The fact that one might need 5k to get to a 500$ CD-player level reproduction, as you said, might be seen as a good counterargument for vinyl.
I read all the posts in this thread and it seems to me that it comes down to owning a TT because some recordings haven't yet or never will be (if the master is lost) properly transferred to CD. This might be a good reason, but for me it wouldn't justify 5k for TT.
There's a thread on how to choose a good TT
here at Audioholics. It was very nice and a surprise to see Floyd Toole putting in his two bits (and this is an understatement of the year
). That gentleman has so much merit, and BTW he got that merit for trying to stay true to the sound itself and not the style or appeal of audio gear and certainly not those "if you believe it, it will be there" approaches to the subject, that, with full respect of your life choices, I'd take his advice.
I'll paraphrase his words: building it expensive is just another way of building it good (as in: it doesn't have to be expensive).
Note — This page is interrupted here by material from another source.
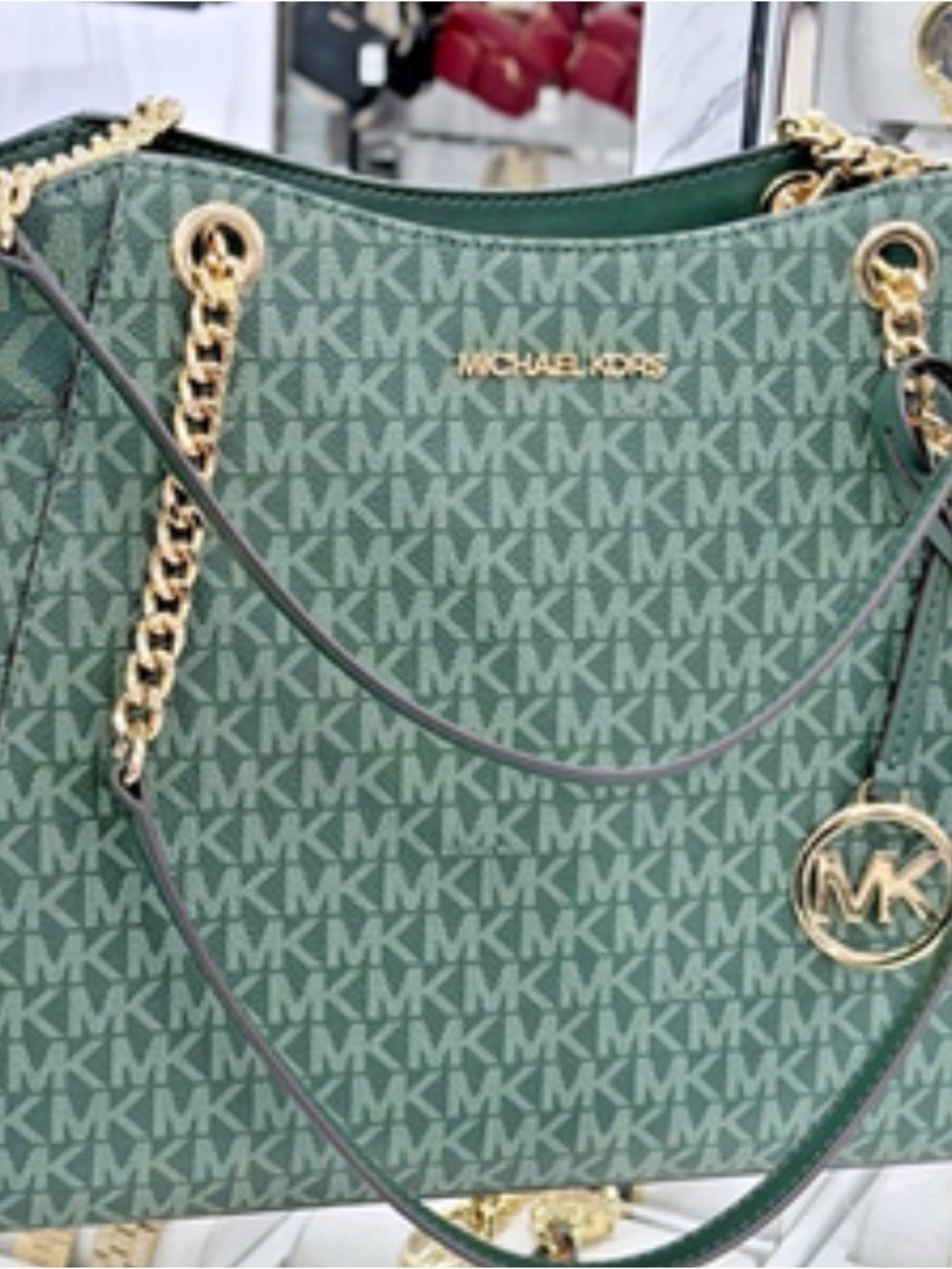 Michael Kors Green Signature MK Chain Shoulder Tote and Ombré Wallet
And: a lot of CD's sound bad because they were burned from masters that were prepared for vinyl (as in distorted for vinyl to mitigate the shortcomings of the technology itself).
So, through a bitter irony, a lot of these "vinyl is true to the sound/nature/original etc. music lovers might face the fact that, although they see themselves as true to the word, a lot of original masters were lost because of that exact same technology they hold close to their hearts.
At one point you agreed with someone saying it's about mastering only to say Getz is for vinyl a post or two later. These two claims go against each other unless you used the name Getz as a metonymy.
Personally, I don't have a favourite medium, but I do like records and I grew up with records (I'm left with no TT at the moment, I'll get one). I think a huge deal about records lies with the romantic appeal of the ritual of playing them. I respect this romantic appeal, only I don't respect it more than accuracy. (this is where worldviews start so I'm not getting into that).
I think it's fundamentally wrong to ascribe emotional involvement to a piece of gear. Emotional involvement is inside of you.
This is the damage done by marketing IMHO.
People who speak for all those "not accurate or worse measurements can sound better to me" type of stances like to call "emotional" into the debate and I've noticed that through this they imagine themselves as being more life-like, human, of flash and blood. I think this is false, although I might be just as wrong. I think everything emotional lies with the artist (together with the producer or the sound master) and the listener. Emotional is in people. I think that accuracy is the least we can strive for to honor the artist. This is why I think that it is the "flat frequency response gear" and "accurate gear" lot are actually on the right track.
This is too long. Sorry for that. I see the time is ripe to post an "audio worldview" type of comment in some less serious thread.